▶ TASK TO COMPLETE: Copy all the lines of the data that include the word "Hotel".

▶ SOURCE MATERIAL:
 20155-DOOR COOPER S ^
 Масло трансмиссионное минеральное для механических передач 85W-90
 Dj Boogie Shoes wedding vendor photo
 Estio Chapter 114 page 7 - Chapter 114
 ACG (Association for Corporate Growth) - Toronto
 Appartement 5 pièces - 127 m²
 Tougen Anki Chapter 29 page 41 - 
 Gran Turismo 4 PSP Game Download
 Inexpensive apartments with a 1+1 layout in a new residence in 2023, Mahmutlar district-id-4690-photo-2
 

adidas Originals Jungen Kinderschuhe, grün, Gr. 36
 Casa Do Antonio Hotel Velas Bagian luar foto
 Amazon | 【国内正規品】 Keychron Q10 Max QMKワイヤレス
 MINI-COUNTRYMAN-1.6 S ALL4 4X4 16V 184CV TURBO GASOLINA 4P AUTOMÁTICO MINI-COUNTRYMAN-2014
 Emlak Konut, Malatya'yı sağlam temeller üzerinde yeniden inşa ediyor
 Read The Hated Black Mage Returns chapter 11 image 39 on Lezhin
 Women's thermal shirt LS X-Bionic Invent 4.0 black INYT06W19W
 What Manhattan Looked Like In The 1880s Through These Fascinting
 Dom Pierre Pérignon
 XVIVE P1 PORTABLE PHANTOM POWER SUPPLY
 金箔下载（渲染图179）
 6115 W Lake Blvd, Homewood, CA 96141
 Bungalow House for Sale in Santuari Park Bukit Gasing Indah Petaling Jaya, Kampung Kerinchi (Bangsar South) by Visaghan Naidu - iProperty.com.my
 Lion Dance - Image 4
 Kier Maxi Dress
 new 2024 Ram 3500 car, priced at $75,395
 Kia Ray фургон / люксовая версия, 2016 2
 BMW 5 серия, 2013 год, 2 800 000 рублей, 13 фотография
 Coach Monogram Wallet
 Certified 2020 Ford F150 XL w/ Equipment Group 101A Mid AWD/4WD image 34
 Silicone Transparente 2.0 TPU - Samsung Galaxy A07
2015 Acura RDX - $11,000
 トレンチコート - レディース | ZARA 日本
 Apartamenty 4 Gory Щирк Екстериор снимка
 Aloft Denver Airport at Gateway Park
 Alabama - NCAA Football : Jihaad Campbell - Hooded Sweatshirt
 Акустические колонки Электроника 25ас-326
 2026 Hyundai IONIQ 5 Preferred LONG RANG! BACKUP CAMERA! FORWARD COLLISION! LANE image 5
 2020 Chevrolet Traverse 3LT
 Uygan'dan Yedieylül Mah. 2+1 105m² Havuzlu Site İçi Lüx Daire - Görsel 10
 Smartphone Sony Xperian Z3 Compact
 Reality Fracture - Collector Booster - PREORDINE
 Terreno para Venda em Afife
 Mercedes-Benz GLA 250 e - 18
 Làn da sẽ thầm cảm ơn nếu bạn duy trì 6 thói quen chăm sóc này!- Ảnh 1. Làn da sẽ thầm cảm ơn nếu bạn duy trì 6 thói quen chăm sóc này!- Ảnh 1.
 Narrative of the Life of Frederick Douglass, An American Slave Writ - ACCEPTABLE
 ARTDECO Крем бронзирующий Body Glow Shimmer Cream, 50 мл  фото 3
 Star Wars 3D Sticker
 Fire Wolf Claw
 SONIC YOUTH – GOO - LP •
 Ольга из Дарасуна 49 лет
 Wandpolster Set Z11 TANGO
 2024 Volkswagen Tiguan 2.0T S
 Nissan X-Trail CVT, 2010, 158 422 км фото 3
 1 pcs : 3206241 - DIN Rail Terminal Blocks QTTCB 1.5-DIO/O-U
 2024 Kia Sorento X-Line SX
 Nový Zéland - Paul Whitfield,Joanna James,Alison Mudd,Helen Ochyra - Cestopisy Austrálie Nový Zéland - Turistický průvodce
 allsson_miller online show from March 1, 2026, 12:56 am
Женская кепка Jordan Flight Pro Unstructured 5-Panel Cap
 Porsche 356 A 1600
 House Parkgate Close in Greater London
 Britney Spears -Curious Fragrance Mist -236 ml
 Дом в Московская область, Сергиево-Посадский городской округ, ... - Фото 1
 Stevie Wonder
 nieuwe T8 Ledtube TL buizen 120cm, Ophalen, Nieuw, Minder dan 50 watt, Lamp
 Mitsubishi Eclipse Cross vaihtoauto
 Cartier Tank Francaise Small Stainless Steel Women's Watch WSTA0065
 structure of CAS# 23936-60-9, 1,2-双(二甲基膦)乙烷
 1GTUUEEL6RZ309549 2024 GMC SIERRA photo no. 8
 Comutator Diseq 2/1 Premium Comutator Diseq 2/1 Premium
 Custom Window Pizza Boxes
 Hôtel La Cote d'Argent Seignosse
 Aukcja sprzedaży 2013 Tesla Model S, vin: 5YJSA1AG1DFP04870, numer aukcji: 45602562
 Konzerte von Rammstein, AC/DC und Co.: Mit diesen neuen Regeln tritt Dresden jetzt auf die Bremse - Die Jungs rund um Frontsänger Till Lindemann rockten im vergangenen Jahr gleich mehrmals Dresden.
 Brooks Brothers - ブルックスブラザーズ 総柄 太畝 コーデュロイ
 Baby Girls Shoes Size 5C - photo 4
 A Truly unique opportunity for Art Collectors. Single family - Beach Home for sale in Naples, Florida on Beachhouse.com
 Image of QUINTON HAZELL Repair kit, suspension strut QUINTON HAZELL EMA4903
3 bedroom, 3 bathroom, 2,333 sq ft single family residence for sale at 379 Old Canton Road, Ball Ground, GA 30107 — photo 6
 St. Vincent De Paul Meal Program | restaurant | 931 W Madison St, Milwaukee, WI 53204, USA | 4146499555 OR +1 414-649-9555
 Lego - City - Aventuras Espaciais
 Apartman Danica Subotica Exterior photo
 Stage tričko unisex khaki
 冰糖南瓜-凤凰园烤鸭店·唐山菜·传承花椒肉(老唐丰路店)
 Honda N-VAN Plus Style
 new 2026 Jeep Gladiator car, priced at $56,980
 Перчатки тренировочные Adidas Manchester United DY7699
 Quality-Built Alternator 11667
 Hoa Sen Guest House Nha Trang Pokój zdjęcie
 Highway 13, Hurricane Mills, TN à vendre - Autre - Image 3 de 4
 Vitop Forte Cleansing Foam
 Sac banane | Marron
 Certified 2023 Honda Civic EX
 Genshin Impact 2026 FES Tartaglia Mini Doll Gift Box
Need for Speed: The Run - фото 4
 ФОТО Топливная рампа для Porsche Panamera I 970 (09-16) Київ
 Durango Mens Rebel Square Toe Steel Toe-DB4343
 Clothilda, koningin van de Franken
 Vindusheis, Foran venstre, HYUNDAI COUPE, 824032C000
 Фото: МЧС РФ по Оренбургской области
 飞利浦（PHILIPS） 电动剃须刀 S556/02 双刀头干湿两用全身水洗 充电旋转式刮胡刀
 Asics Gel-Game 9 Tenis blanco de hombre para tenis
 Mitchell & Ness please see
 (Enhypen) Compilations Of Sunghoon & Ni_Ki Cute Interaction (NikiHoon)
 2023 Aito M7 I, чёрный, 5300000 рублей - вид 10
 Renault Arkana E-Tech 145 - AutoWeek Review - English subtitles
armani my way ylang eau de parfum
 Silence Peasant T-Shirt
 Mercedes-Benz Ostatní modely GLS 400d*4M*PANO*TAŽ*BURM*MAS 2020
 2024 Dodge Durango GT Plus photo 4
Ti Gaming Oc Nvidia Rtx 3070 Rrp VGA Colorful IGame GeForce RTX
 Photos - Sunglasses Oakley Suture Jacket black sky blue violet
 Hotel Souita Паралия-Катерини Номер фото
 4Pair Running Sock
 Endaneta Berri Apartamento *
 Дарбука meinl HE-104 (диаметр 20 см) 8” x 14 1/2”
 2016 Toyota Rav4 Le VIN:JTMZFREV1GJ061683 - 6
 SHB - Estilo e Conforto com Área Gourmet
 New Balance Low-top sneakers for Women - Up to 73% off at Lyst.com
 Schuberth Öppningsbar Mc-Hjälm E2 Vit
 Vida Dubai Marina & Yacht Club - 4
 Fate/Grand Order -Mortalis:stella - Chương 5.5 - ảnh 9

▶ TASK SOLUTION:
 Casa Do Antonio Hotel Velas Bagian luar foto
 Hotel Souita Паралия-Катерини Номер фото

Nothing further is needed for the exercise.